**ENTRIES SHOWN**
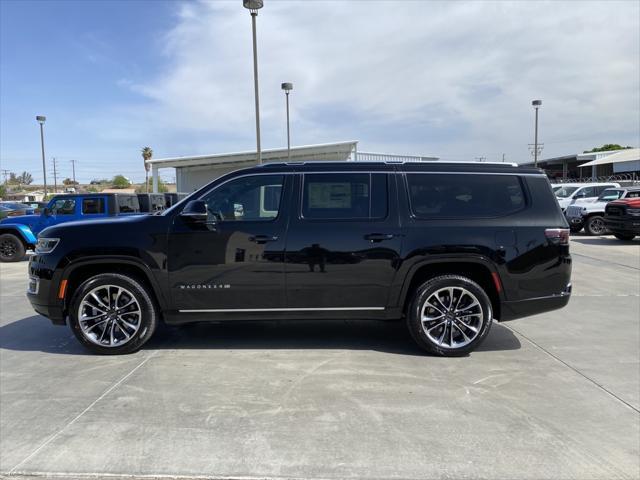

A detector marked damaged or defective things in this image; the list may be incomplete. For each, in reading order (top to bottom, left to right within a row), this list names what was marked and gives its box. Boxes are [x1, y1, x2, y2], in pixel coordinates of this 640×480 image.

---

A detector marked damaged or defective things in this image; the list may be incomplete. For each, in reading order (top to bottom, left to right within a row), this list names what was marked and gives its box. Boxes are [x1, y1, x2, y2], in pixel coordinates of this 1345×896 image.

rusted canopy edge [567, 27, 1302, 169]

--

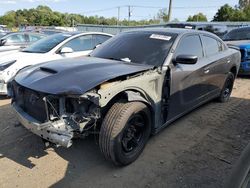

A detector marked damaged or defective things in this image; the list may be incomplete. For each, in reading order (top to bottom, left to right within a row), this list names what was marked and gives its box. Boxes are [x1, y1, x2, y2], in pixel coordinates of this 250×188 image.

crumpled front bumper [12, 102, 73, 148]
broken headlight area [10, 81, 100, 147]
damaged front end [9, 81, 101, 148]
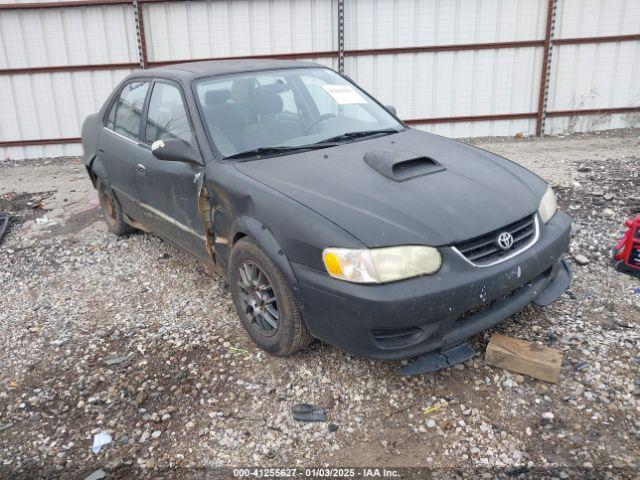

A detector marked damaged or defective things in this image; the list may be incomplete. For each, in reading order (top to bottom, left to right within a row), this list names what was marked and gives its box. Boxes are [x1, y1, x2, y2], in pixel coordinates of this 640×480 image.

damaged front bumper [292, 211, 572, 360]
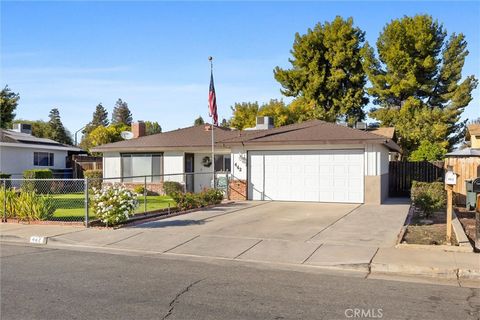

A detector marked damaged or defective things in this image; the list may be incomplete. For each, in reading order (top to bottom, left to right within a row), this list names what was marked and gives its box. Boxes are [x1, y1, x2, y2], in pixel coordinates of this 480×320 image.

**TRY IT**
Return the material from the line containing "this 250×188 image." through the line containing "this 480×320 image.", exactly and in full, but without its pictures.

**SOLUTION TO THE PROBLEM**
A detector marked damaged or defective things in this image; the list may be incomplete. For each, in reading order (top to bottom, left to right within a row), this list names what was marked and gives its box. Boxes are [x1, y1, x2, y2], in pixel coordinates of this 250×188 image.

crumpled front bumper [12, 102, 73, 148]
broken headlight area [10, 81, 100, 147]
damaged front end [9, 81, 101, 148]

A detector marked damaged or defective things in this image; the list may be incomplete. For each, in reading order (top to bottom, left to right within a row), this list names what was marked and gives its box. Boxes are [x1, y1, x2, y2], in pixel coordinates of this 640×480 image.

damaged front bumper [292, 211, 572, 360]

A detector marked damaged or defective things in this image; the list may be incomplete. For each, in reading order (top to bottom, left to right within a row), this list names what was marked and gives its box. Boxes are [x1, y1, x2, y2], in pixel coordinates of this 480×320 image.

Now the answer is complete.